Unethical Conduct of Clinical Trials
White turns black, and black pales purely as Africa unfolds the plots that allow for unnecessary death, and the unethical conduct of clinical trials on the unknowing with the complicity of powers for the love of money, the root of most modern evil.
The performance of Fiennes is sterling in his metamorphosis from bureaucrat to jihadist for truth. Rachel Weicz's nuanced passion fuels this movie into the stratosphere, and the veracity rings like the tingle of a fork on crystal.
Fiennes endures innuendo about Tessa's relationship with Arnold Bluhm (Hubert Koundé), a black African physician and friend who flies off with Tessa in the opening scenes and disappears with her.
Their equal fates are revealed later, as are their tarnished reputations polished by the luster of truth. Danny Huston plays Sandy Woodrow, who one can tell is harboring a secret, and his friendship will prove to be unreliable.
The quiet villainy of Sir Bernard Pellegrin (the French name suggests that he is a Pilgrim) progressively revealed and couched in club rooms and fine dining atmosphere—all part of colonial noblesse oblige, of course (not).
Bill Nighy portrays him deftly, making him imperious but human. One watches and wonders to what lengths we deceive first ourselves, and then our colleagues, until finally the corruption becomes too much and the consequences too uncivilized to bear, and we see the roots of genocides and pogroms.

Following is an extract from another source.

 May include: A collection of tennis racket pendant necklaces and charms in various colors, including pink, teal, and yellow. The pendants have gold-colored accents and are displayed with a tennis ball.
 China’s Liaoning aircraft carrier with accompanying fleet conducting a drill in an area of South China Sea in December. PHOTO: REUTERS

Pharma is pilloried but mostly in absentia. One character utters than no drug company does anything for nothing.
It is the government complicity that is more skewered, but the allegation is made that companies unwittingly test new drugs as they “gave away” antiretrovirals, because the new threat really is a demon strain of TB. The vista of pandemic flu has captured some attention, but drug-resistant bacteria and super-strength TB drugs have not been as vivid.
Other reviewers of the movie connect this to the Vioxx revelations and the current wrongful death trials presuming that the company was well aware of the “overwhelming hazard” and blind to the liability of foisting a defective product on the market—the idea in the movie is that toxic deaths are hidden so that the company can rush their new anti-tuberculosis drug to market.

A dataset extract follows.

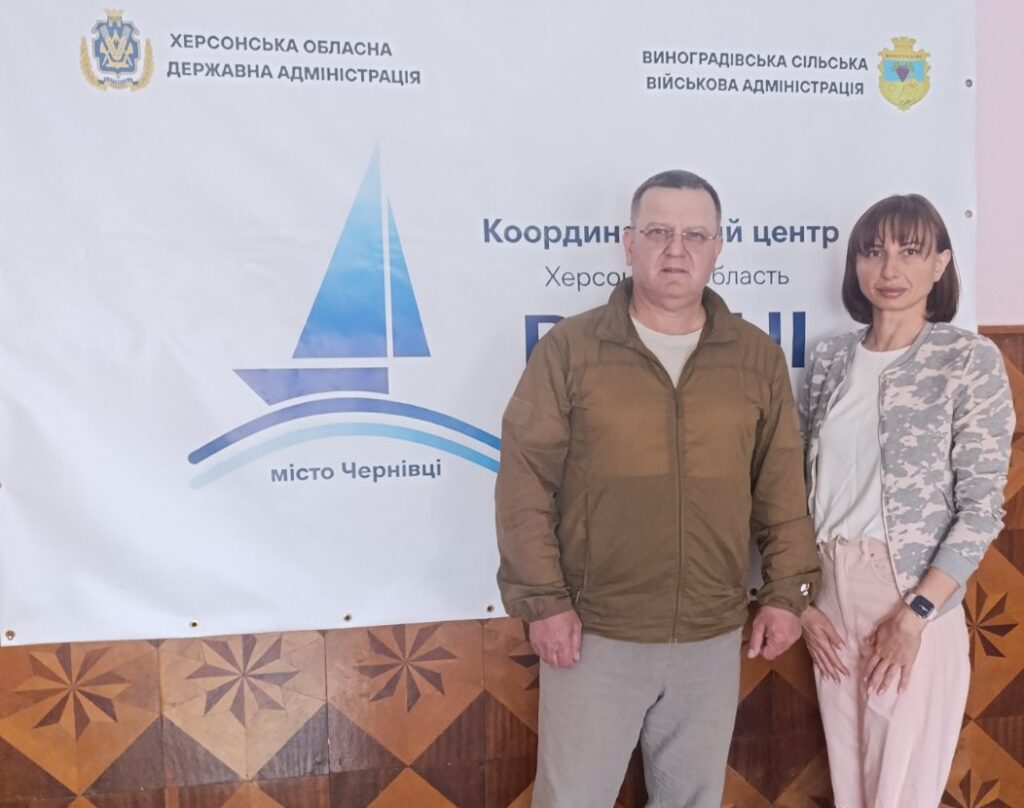 Начальник Служби у справах дітей Херсонської районної державної адміністрації Євгенія Степанська та начальника Виноградівської сільської військової адміністрації Валерій Мельниченко під час робочої зустрічі, стоять біля плакату «Вільні разом» у місті Чернівці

I do not pretend to know the issues, but I recall my pharmacology professor announcing on day one that all drugs were poisons. Competitiveness amongst the companies, both for products and for the “opinion leaders” remains remarkable.

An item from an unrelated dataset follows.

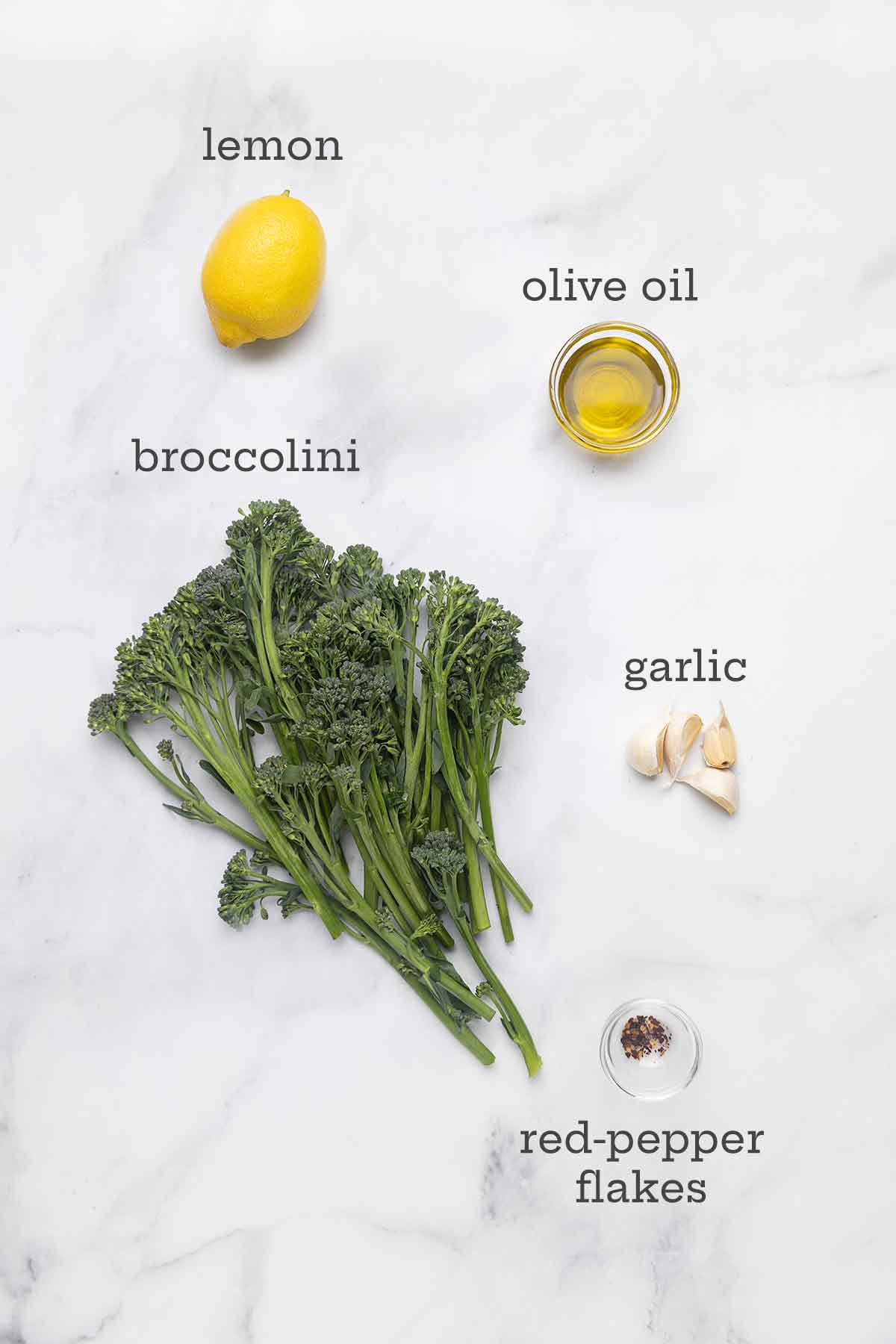 Ingredients for skillet-charred broccolini--broccolini, lemon, olive oil, garlic, and pepper flakes.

I'm stunned to see how quickly Iressa's star has faded in favor of Tarceva—I've seen the data, and I am not as convinced as many of you and the FDA seem to be.
As we endure another foreboding energy crisis in fossil fuels, I recall The China Syndrome, the movie that along with Three Mile Island and Chernobyl ended interest in nuclear power. Are we too quick to see evil in companies and too blind to see the potential for good?
I know Iressa and Vioxx benefited some, and alternate sources of energy are looking awfully good again. The clear clinical trials ethics violations depicted in the movie are perhaps parody, but movies move minds—is this the evil pharmaceutical government or medical complex?
Are clinical trials being outsourced to Africa and unethically conducted, or are the barriers and expectations too high in our own nation?
This is an excellent movie, not without flaws, but as we tend the gardens of our lives, we indeed must constantly weed the toxic elements, and cultivate and grow what is good and beautiful.
We must be vigilant: Every bloom is not sweet nor surely safe after we recover from its alluring aroma. What appears to be a weed may be an herb, and that discarded might hold true virtue and value.
Ethical principles are constant, and greed, betrayal, and lust tempt daily. I am not ever sure the government is here to help us. Deliver us from evil; give us wisdom.